* _Exercise description_:
Output the entries exactly. Start at the first line, finish with the line containing "- Amazon bag, in", and omit the pictures.

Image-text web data
----

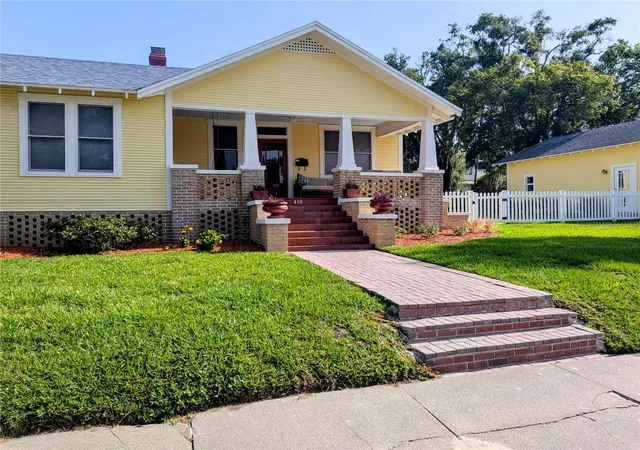 1st image of 410 E Park St, Lakeland, FL 33803 | MLS# W7888244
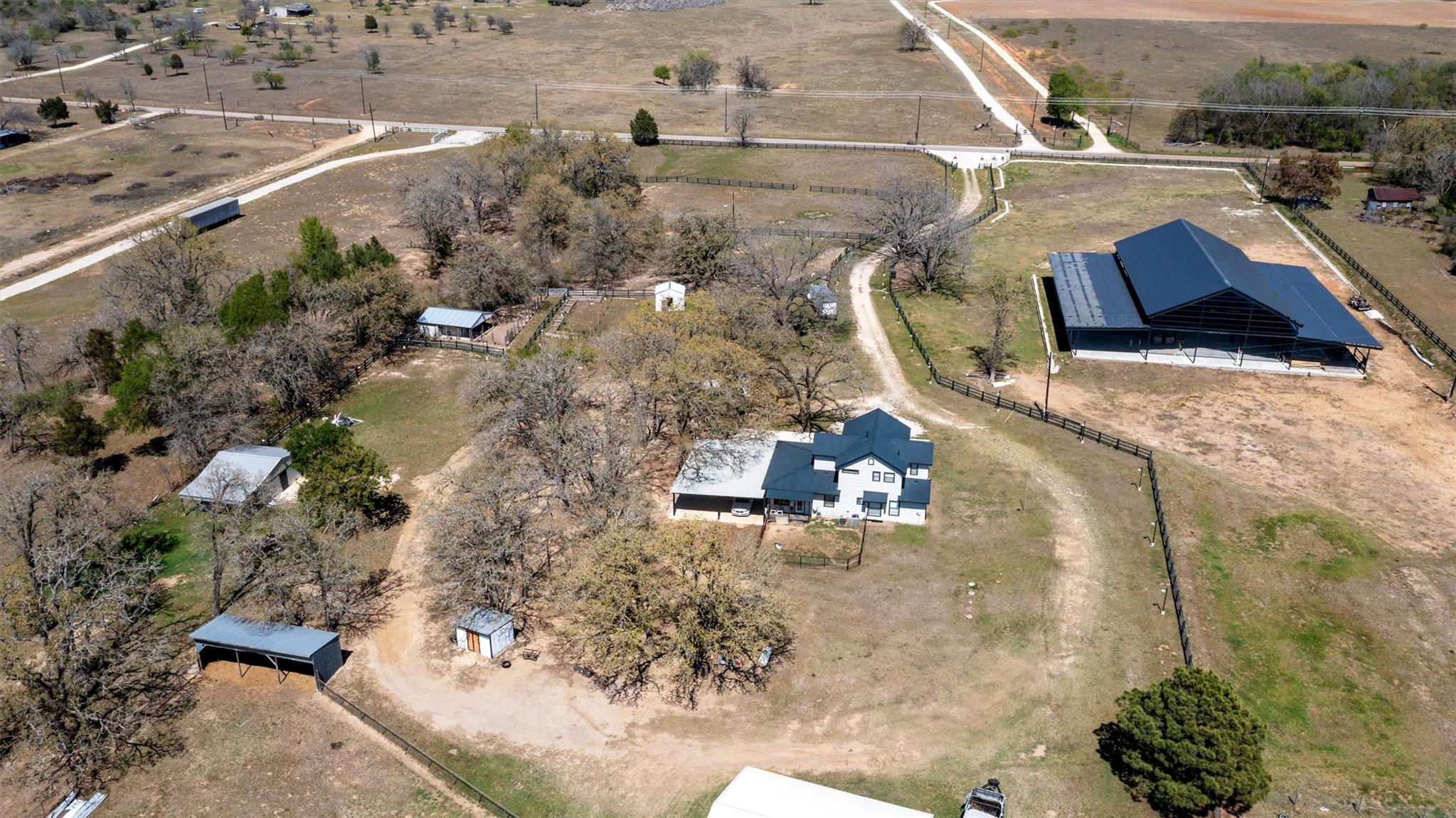 359 N County Line Rd, Elgin, TX 78621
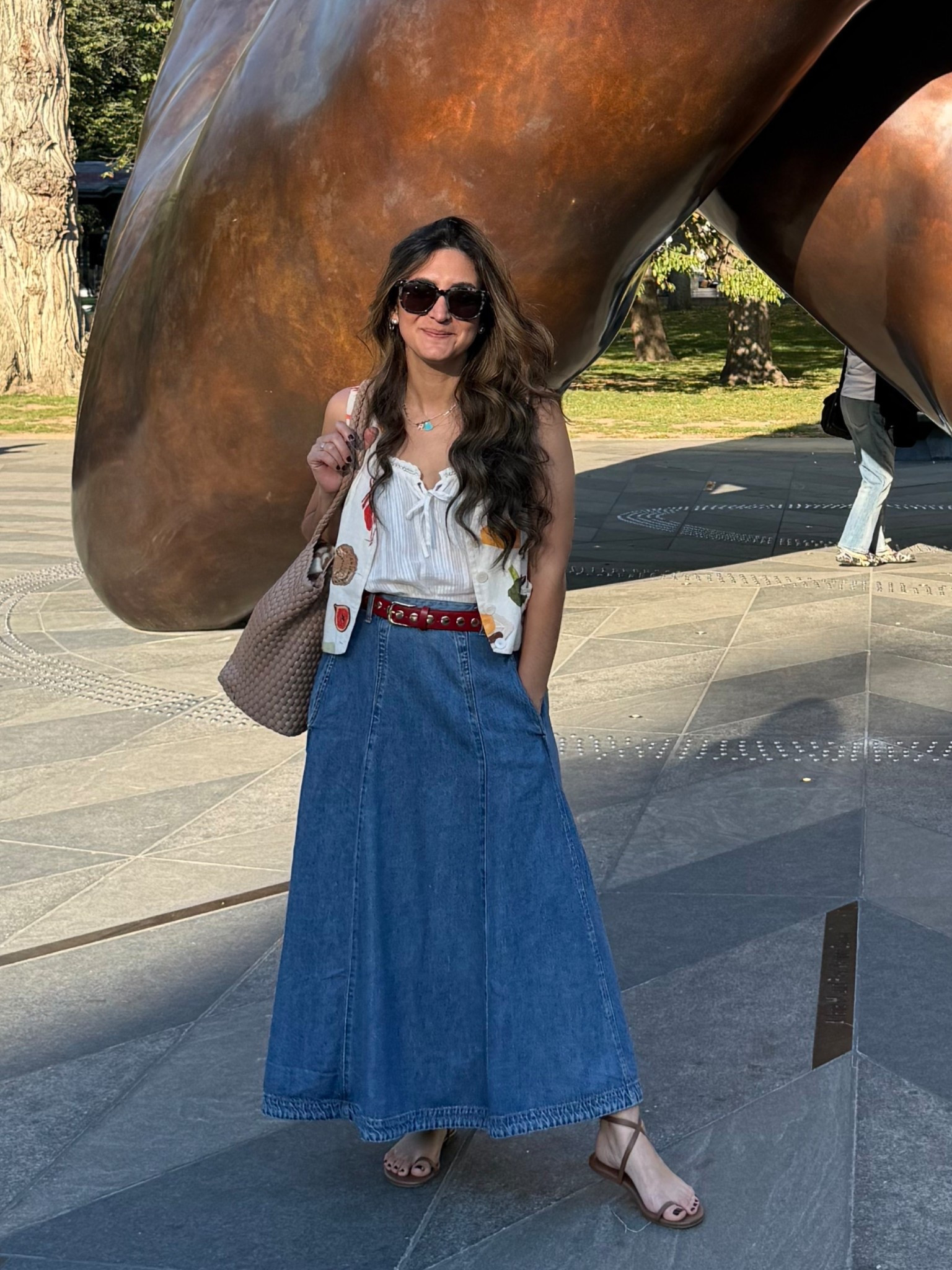 Fall outfit but make it 80 degree weather friendly! Fit notes: 
- sandals are TTS, and surprisingly comfy
- size down on the skirt, it’s my fave!
- Amazon belt is Amazon qualify - but for a “trendy” item, it’s perfect! 
- Amazon bag, in the other hand, has been SO GOOD for months! 
-I’m 5’2, RUN to grab this skirt if you are petite. I continue reaching for it V often, it’s comfy and flattering!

----

* _Solution to the problem_:
 1st image of 410 E Park St, Lakeland, FL 33803 | MLS# W7888244
 359 N County Line Rd, Elgin, TX 78621
 Fall outfit but make it 80 degree weather friendly! Fit notes: 
- sandals are TTS, and surprisingly comfy
- size down on the skirt, it’s my fave!
- Amazon belt is Amazon qualify - but for a “trendy” item, it’s perfect! 
- Amazon bag, in the other hand, has been SO GOOD for months! 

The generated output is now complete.